Voilà deux heures que je planche sur cette foutue entrée en matière. L'odeur âcre du tabac froid empli la pièce et je n'ai toujours rien trouvé. Deux heures. Le niveau de ma bouteille de whisky est de plus en plus bas. Je vais devoir me lever pour aller en chercher une autre. Je tire lentement sur ma cigarette pour me calmer. Deux heures déjà. Il y a pourtant bien quelque chose à faire. Je n'ai jamais aimé ça. L'introduction, la prise de contact. Ce n'est pas pour moi. Oh oui, quand c'est lancé je ne m'arrête plus mais il faut se lancer, se jeter dans l'abîme. Je me lève pour aller à la fenêtre. Le vent griffe le verre comme un dément. Ah, le vent cette matière, cette puissance qu'il dégage et pourtant pas moyen de l'amadouer, de le canaliser, il modèle comme il détruit avec force ou avec patience. Je suis né avec le vent mais je n'en ai rien retiré il faut bien l'admettre. Pas de folie, pas de génie. De mes mains, je ne créé rien, la matière n'est pas dressée sous ma férule comme le serait un bon chien. L'effort est pour moi trop grand et ma volonté trop petite. Ma capacité à produire du sens n'existe que grâce à la création d'autres : les mots. J'en use et j'en abuse, pas comme un maître il faut être clair, j'en suis terriblement loin. La rime n'est pas pour moi et la prose ce n'est guère mieux mais c'est déjà mieux. On se contente de peu.
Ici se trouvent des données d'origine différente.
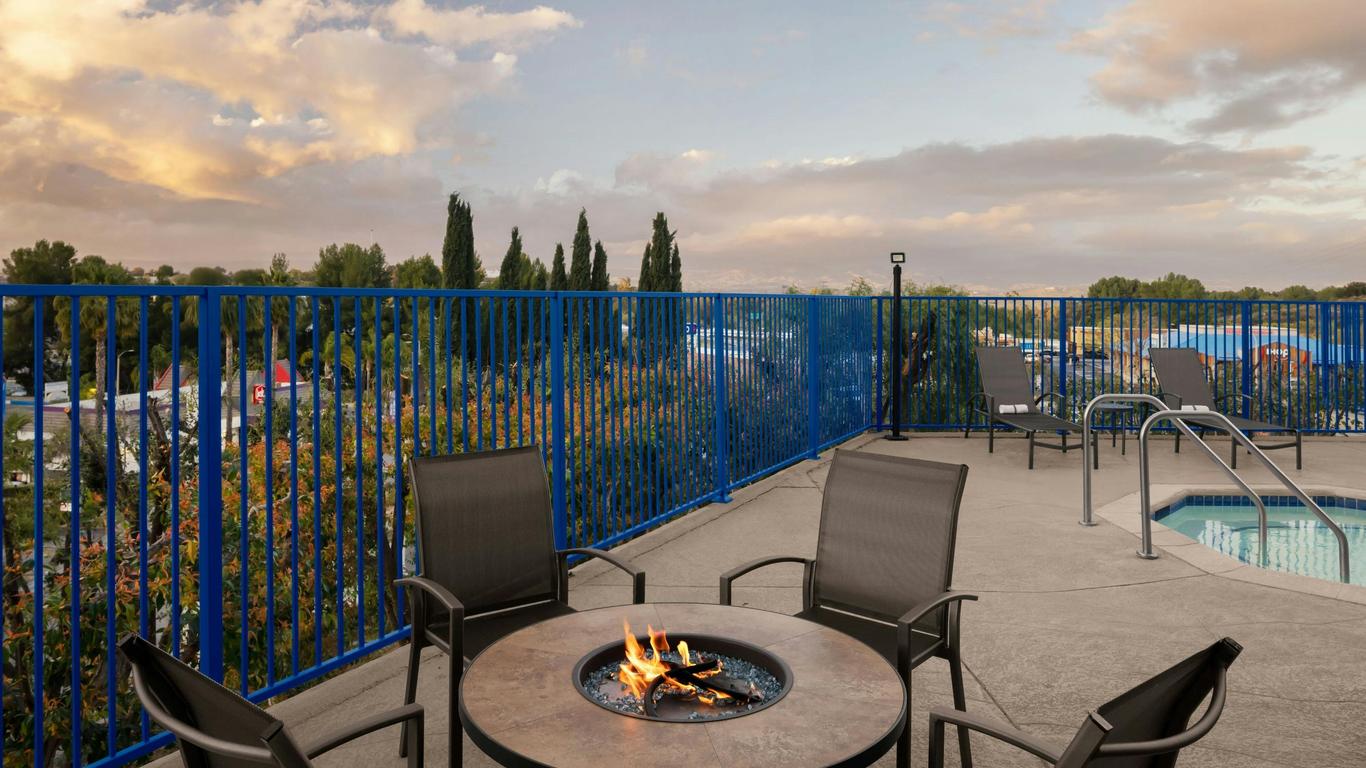 Fairfield Inn by Marriott Santa Clarita Valencia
 Je bois le whisky sur mon bureau, histoire de m'hydrater un peu le gosier. Une eau de feu comme aurait dit les indiens, pardon les amérindiens. Un liquide qui brûle sur son passage. Et pourtant ça s'anime en bas, ça chauffe et réconforte à sa façon. Le whisky est simplement du courage en bouteille et haute à dose les deux vous tuent. Je n'ai pas beaucoup de feu en moi. Disons simplement que je suis lent à l'allumer. Mais pardi quand il a reçu assez de carburant pour brûler comme une fournaise c'est autre chose que la créature flasque qu'on rencontre d'habitude. Le combat, la tension de l'effort sont voulus, on peut alors se jeter, larguer les amarres et ne plus laisser que son corps aux commandes, le cerveau très loin en arrière comme un spectateur idiot. Un simple passager qui ne peut plus rien. Ce n'est pas pendant l'effort que le problème se pose mais avant et après forcément. Une quête personnelle en somme, celle d'une réussite qui n'est pas accessible à cette pauvre créature amorphe tout juste bonne à se gaver des plaisirs de la chair et de l'esprit. Le vent se bat encore contre ma vitre aidé par la pluie. L'eau en voilà une autre énergie fondamentale source de vie, et de mort aussi. Quand nous pleurons, nous donnons notre eau aux morts alors que ça fait longtemps qu'ils n'en ont plus besoin. L'eau n'importe qu'aux vivants, ceux dont le sang circule encore dans leurs veines et leurs artères, irriguant, réchauffant là où il passe. J'inspire encore la fumée de ma cigarette, laissant son bien-être remonté jusqu'au siège de mon âme. La cigarette est finie, j'en cherche une autre dans la poche de mon veston. Rien. Je marche vers la cuisine pour y trouver un paquet. Le sol est froid sous mes pieds nus. Après tout je suis chez moi, c'est mon sol, ma terre en quelque sorte. Il faudra bien y retourner un jour d'ailleurs. Tu es poussière et tu retourneras à la poussière comme le dit si bien le prêtre. Deux heures et toujours rien.